また、排気方向調整機構によって回収部2の向きが調整される場合、排気ファン162,163の数や、方向調整管部164,165の数は適宜設定されてよい。
【0072】
また、上記の実施形態では、第1吸引ダクト41は、伸縮管部110、フレキシブル管部120、第1管部130および第2管部140を有する構成であるが、上記以外の構成であってもよい。また、伸縮管部110、フレキシブル管部120、第1管部130および第2管部140の形態は、上記以外であってもよい。また、フランジ113に凸部114が形成されていなくてもよいし、凸部114の形状も上記以外でもよい。また、フランジ113が設けられていなくてもよい。
また、上記の実施形態では、フレキシブル管120の複数の短管121,121…は、鋼管で構成されているが、フレキシブル管部120の変形や損傷を防止でき、耐力的に問題がないようであれば、例えば、鋼管以外であってもよい。
また、第1吸引ダクト41が樹脂製のフレキシブル管などの内部に配置された構成としてもよい。
また、第1吸引ダクト41は、回転ブラシ115を取り付けない構成であってもよい。
【0073】
また、上記の実施形態では、ダンパ150が設けられているが、このようなダンパ150が設けられていなくてもよい。また、ダンパ150が設けられている場合、ダンパ150の数や位置は適宜設定されてよい。

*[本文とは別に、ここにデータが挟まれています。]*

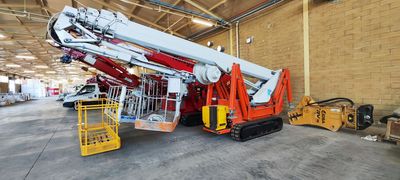 Piattaforma Aerea Tipo Ragno Palazzani TSJ 34 – 34Mt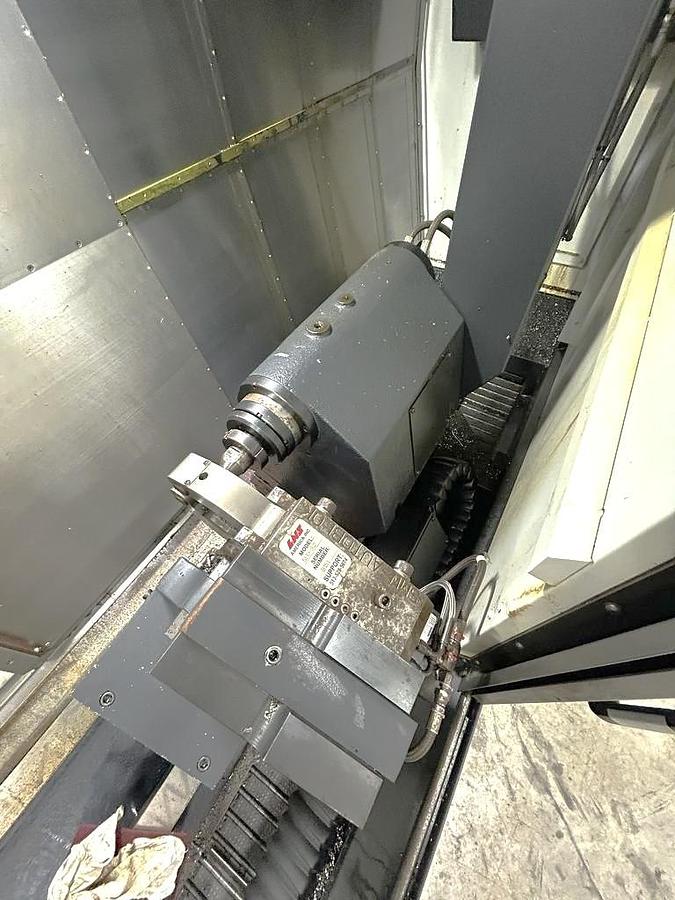Used 2022 DN Solutions Puma 3100 XLY with Live Milling, Y Axis, Extra Long Bed, Steady Rest, Tailstock, 4" Bar Capacity, ONLY 1328 Cutting Hrs.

また、上記の実施形態では、選別部5が設けられているが、設けられていなくてもよい。また、選別部5における衝突板51やフィルタ171,172などの選別手段は、上記以外であってもよい。
【0074】
また、上記の実施形態では、収容部6のバケット61は、遮蔽材62に被覆されているが、遮蔽材62が必要ない場合は、被覆されていなくてもよい。また、遮蔽材62は鉛以外を材料としてもよい。
また、上記の実施形態では、散水部7が設けられているが、設けられていなくてもよい。また、散水部7が設けられる位置は適宜設定されてよい。また、複数の散水部7が設けられていてもよい。
また、上記の実施形態ではカメラ81〜83が設けられているが、設けられていなくてもよい。また、カメラが設けられる位置やカメラの数は適宜設定されてよい。